イ・ヒア ショパンの調べ もうひとつのお話


母に特別番組イ・ヒア ショパンの調べを聞いてもらった。
年末実家に帰ったとき、こたつに温まりながら、母は、私が記憶のまだない幼い頃の話をしてくれた。


「私の父母は無理に動かない指を鍛えさせようとはしませんでした。 指が動かないなら知性や体力で勝負って感じで」


番組の中の私のコメントについて、母は

「ほんとは違うのよ」と言った。


治したくて、治したくて、母はいろんな病院を探してまわった。どの医者にも私の指は治らないと言われ、それでも母は諦められなかった。整形外科なら日本一といわれる病院にたどりつき、1ヶ月近い入院をし、手術をさせた。小児科の入院は親子で泊り込むことが多い。母はそこでそれこそいろんな障害を持ついろんな子どもたちとそのお母さんたちと出会った。「りかちゃんはまだいいほうよ。指があるのだもの。この子には指がないの。」勇気付けられたが、それでも母は諦められなかった。結局指の奇形は治らないまま。


退院後、母は近所の人に見られるのがいやで私の指を包帯でぐるぐるまきにして隠していた。でもおしゃぶり好きな1歳の赤ちゃんにとって自分の指に巻かれた包帯は時にじゃまっけになり、時におもちゃにしかならなかった。すぐに包帯をほどいてしまったり、しゃぶってぐちゃぐちゃにしてしまう。そのうち包帯で隠すのは諦めた。

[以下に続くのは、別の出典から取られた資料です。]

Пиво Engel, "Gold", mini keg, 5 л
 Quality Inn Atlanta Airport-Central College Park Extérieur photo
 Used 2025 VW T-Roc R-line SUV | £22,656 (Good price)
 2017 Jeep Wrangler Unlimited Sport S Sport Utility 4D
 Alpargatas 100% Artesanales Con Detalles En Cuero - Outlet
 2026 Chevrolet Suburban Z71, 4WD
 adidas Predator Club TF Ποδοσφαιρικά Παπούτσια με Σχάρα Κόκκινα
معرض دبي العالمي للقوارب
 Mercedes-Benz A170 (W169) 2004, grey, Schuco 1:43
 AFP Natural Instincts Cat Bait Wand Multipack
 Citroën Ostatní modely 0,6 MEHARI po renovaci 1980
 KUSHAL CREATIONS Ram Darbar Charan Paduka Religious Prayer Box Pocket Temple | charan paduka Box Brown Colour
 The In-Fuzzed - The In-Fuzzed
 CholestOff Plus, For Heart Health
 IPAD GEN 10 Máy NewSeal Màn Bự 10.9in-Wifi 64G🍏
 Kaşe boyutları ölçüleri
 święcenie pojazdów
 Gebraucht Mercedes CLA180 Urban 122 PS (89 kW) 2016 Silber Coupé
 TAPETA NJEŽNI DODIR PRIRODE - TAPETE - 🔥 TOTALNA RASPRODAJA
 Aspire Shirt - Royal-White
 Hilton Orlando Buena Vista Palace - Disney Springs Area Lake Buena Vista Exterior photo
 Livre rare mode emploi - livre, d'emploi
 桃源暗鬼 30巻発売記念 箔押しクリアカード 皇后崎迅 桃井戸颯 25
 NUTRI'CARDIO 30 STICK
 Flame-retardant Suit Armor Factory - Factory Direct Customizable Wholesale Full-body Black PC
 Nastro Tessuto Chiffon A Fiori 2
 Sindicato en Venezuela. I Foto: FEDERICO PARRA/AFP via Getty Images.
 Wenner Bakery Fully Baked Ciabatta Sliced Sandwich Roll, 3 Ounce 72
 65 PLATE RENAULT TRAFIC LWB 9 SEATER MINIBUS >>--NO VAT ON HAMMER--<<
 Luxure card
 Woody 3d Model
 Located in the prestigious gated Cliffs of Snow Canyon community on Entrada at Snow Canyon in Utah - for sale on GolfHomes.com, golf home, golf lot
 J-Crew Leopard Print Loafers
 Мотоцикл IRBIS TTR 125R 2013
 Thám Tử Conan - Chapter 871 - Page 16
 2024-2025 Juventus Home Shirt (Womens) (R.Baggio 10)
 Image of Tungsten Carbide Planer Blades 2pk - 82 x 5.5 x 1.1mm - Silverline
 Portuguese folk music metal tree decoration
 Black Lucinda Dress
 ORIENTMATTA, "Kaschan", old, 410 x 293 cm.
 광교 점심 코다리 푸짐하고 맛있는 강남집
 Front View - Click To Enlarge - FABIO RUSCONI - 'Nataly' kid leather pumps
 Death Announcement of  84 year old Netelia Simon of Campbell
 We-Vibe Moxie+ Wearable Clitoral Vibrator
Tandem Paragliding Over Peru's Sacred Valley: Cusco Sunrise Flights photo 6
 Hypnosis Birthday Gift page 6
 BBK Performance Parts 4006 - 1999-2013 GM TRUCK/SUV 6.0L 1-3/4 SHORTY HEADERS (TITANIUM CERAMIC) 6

「パパも気にしていないようでいて気にかけていたに違いないのよ」と母は続けた。
「おまえが『パパ、親指さん痛い』と言うと、夜中でもいつでも何も言わずずっとマッサージしてやってたんだから」


「ママがこのままでいい、これ以上治そうと思うのはもうよそうと区切りをつけられたのはお前が小学校にあがる前くらいかなぁ。」

また指が痛いと言い出して、病院につれて行ったけれど、結果は同じ。「今の医学ではこれが限界です」とお医者さんに言われ、帰ろうと思ったちょうどそのとき、小さなマレットと木琴を持ったお前とおなじくらいのかわいらしい女の子に出会った。その子もお前とおなじように親指が奇形。でもその子は、両手だった。その子のお母さんは「この子、指はこんなだけれど、木琴が好きなのよ」と言った。

帰り道、私は母に言ったらしい「ママ、りかの指はよかったんだね、痛いのこっちの指だけだものね。あの子は両手なんだものね」
母はうん、そうよ。よかったのよ、とうなづいた。


その後。指を治そうと思うのはやめたけど、なんとか鍛えさせたいと思ったらしく、母は、ヒアちゃんのお母様と同じように、私にピアノを習わせようとした。でも経済的に難しく諦めざるを得なかった。バイオリンは?とも思ったけれど、バイオリンはもっと高かった。
義理の祖母がお雛様を買ってくれると言ってくれたとき、「お雛様はいいから、オルガンを買ってやって」と頼んだ。間もなく電子オルガンが我が家にやってきた。


だから我が家にはオルガンがずっとあったんだ。誰も教えられないから、放置されてたけれど、わからないなりに、よく弾いてたなぁ。。。


そんなわけで。もすこし細かい話はいろいろあるのだけど。
一応、私の親も、娘への愛情はたっぷりだというのをアピールしたがってたので、記録しときます。父は父でいろいろ主張があるようだけど、ま、近いうちに。